TEMPO.CO, Jakarta - Direktur Utama Badan Penyelenggara Jaminan Sosial Kesehatan atau BPJS Kesehatan Fahmi Idris menyebutkan hingga kini belum ada pembahasan opsi kenaikan iuran premi untuk mengatasi defisit lembaga asuransi kesehatan pelat merah ini.
Berdasarkan hasil audit Badan Pengawas Keuangan dan Pembangunan (BPKP), defisit BPJS Kesehatan mencapai Rp 19,41 triliun. Lalu, pemerintah menyuntikkan bantuan keuangan senilai Rp 10,29 triliun sehingga posisi gagal bayar menyusut menjadi Rp 9,1 triliun.

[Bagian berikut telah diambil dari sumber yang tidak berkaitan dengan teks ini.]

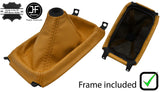 YELLOW LEATHER GEAR GAITER + PLASTIC FRAME +TOP RING FOR HONDA CRX DEL SOL 92-98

"Belum (opsi kenaikan iuran), makanya kita akan bahas lagi. Setelah ini Presiden minta bahas lagi rapat tingkat menteri," kata Direktur Utama BPJS Kesehatan Fahmi Idris di Istana Kepresidenan, Senin, 29 Juli 2019.
Fahmi menyebutkan, rapat internal bersama sejumlah menteri terkait dan Presiden Joko Widodo atau Jokowi tersebut hanya membicarakan mengenai jaminan pemerintah yang akan tetap menjalankan pelayanan kesehatan di tengah kondisi gagal bayar BPJS Kesehatan.
Pada rapat itu, Fahmi mengemukakan prioritas akan diarahkan kepada pemberian pelayanan kesehatan kepada masyarakat dan implementasi supply chain financing (SCF) oleh rumah sakit.
Dari sisi pelayanan, Fahmi menyebutkan, akan dicarikan jalan keluarnya seperti apa. "Intinya ini diselesaikan, sementara itu kita punya mekanisme di supply chain financing, yang rumah sakit akan menjaga cash flow-nya."
Melalui mekanisme ini, rumah sakit bisa akan mengajukan tagihan klaim dan BPJS Kesehatan akan melakukan verifikasi untuk memberikan persetujuan pembayaran. Setelah BPJS Kesehatan menerima tagihan dan memberikan persetujuan atas tagihan itu, bank dapat mencairkan pinjaman kepada fasilitas kesehatan yang telah memenuhi syarat pengajuan klaim.